*Problem statement*:
Print again, word for word, all of the records below, and leave the pictures out.

*Entries supplied*:
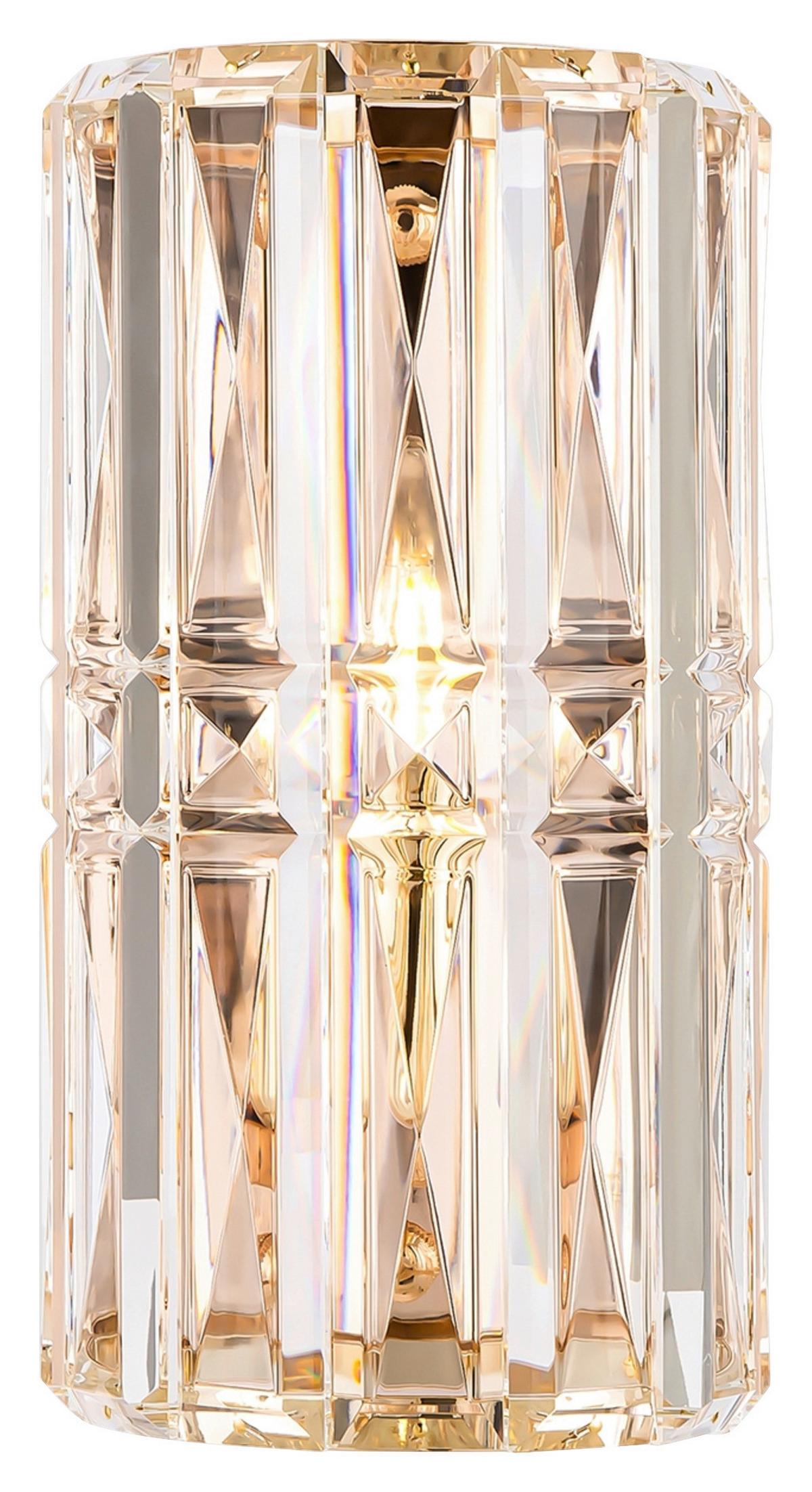 Wandleuchte Facet - Goldfarben, Basics, Glas/Metall (13/25/10cm) - MAYTONI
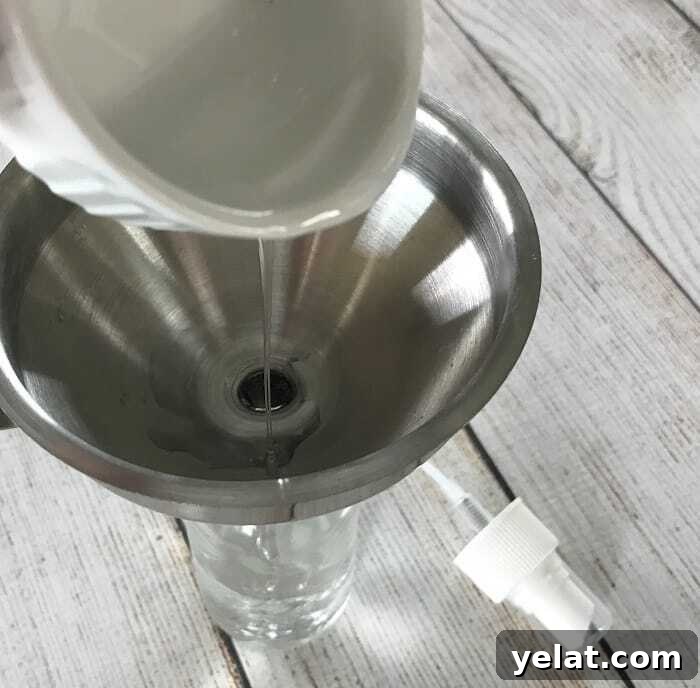Make-Your-Own Before You Go Toilet Spray: Poo-Pourri Recipe 5 Adding glycerin to the mixture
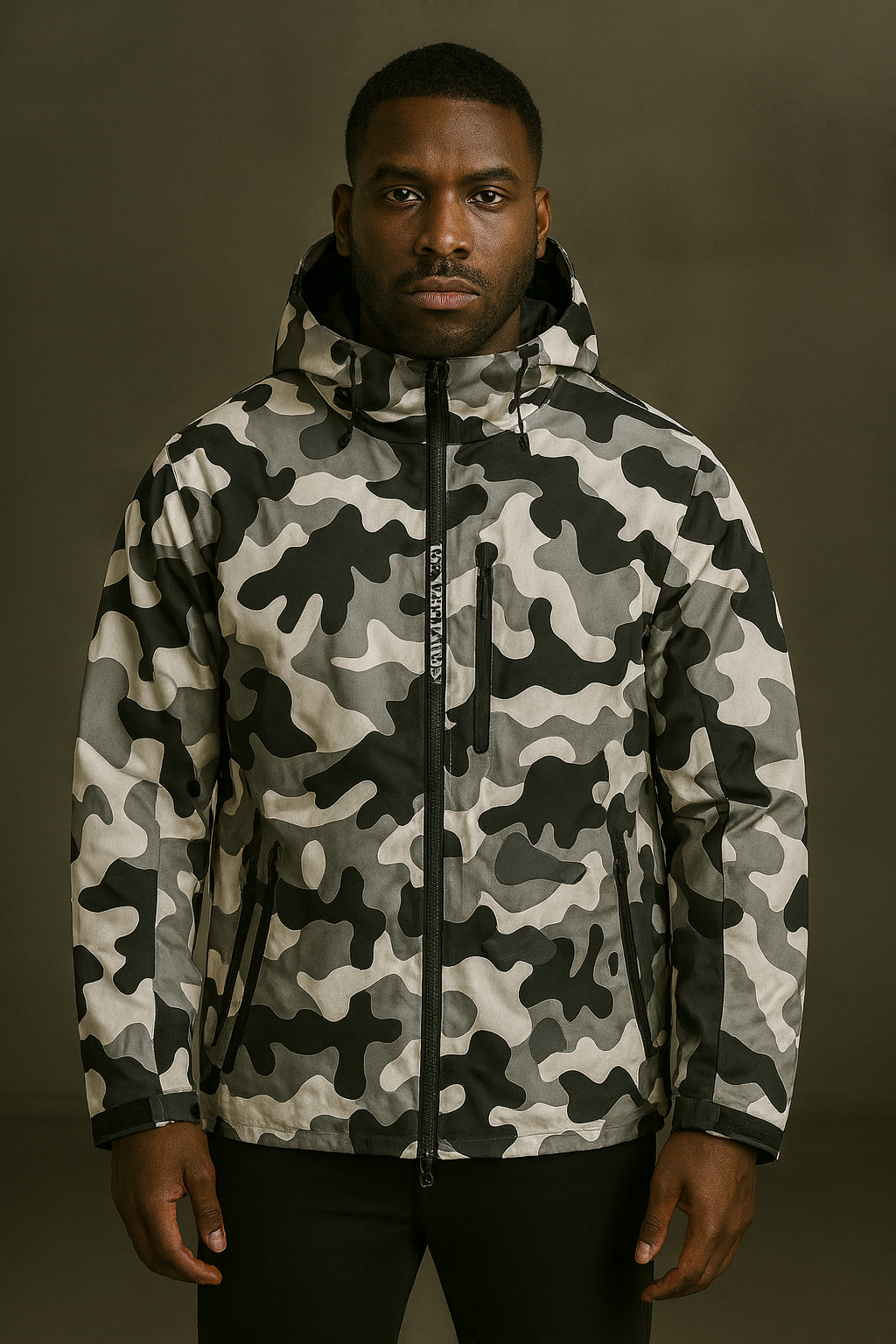 Ember “Shadow Ops” Lightweight Camo Jacket – Arctic Edition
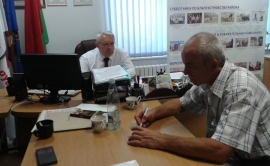 Депутат Палаты представителей Национального собрания Республики Беларусь Виталий Мисевец провел прием граждан по личным вопросам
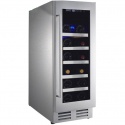 Vitrina de vinuri Nevada Inox NW20S-SSLX, 20 sticle, inox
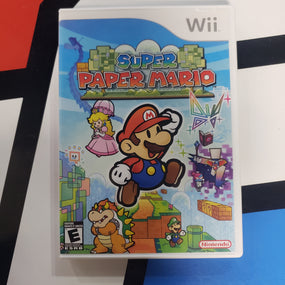 Nintendo Wii Super Paper Mario Video Game Console Game Disc R19056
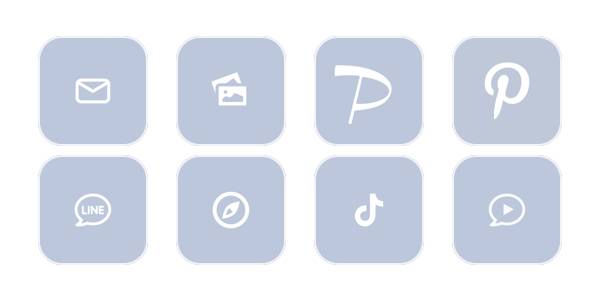 Light blue App Icon Pack[Ucj6hUPZcjQj8E6bUf8u]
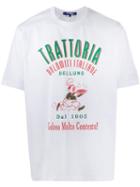 Junya Watanabe Man Printed Cotton T-shirt - White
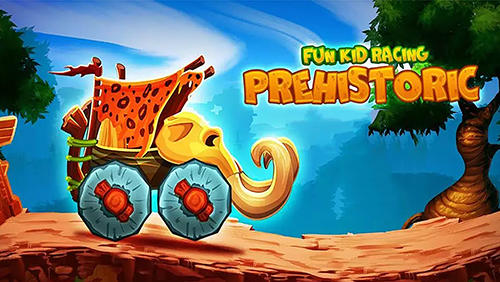 Fun kid racing: Prehistoric run іконка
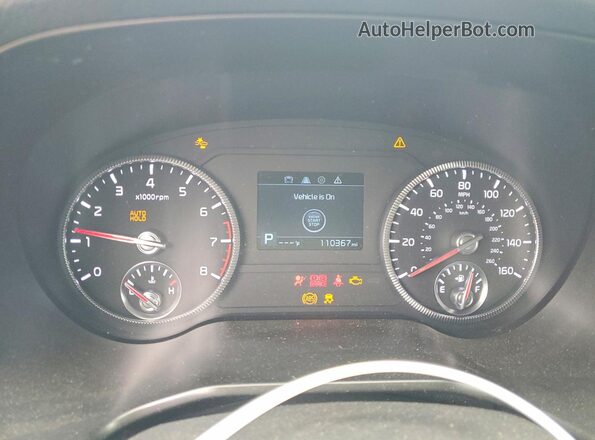 5XYP64HC0LG079588 2020 KIA TELLURIDE Charcoal Սարքավորումների վահանակի տեսք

*The completed task*:
 Wandleuchte Facet - Goldfarben, Basics, Glas/Metall (13/25/10cm) - MAYTONI
Make-Your-Own Before You Go Toilet Spray: Poo-Pourri Recipe 5 Adding glycerin to the mixture
 Ember “Shadow Ops” Lightweight Camo Jacket – Arctic Edition
 Депутат Палаты представителей Национального собрания Республики Беларусь Виталий Мисевец провел прием граждан по личным вопросам
 Vitrina de vinuri Nevada Inox NW20S-SSLX, 20 sticle, inox
 Nintendo Wii Super Paper Mario Video Game Console Game Disc R19056
 Light blue App Icon Pack[Ucj6hUPZcjQj8E6bUf8u]
 Junya Watanabe Man Printed Cotton T-shirt - White
 Fun kid racing: Prehistoric run іконка
 5XYP64HC0LG079588 2020 KIA TELLURIDE Charcoal Սարքավորումների վահանակի տեսք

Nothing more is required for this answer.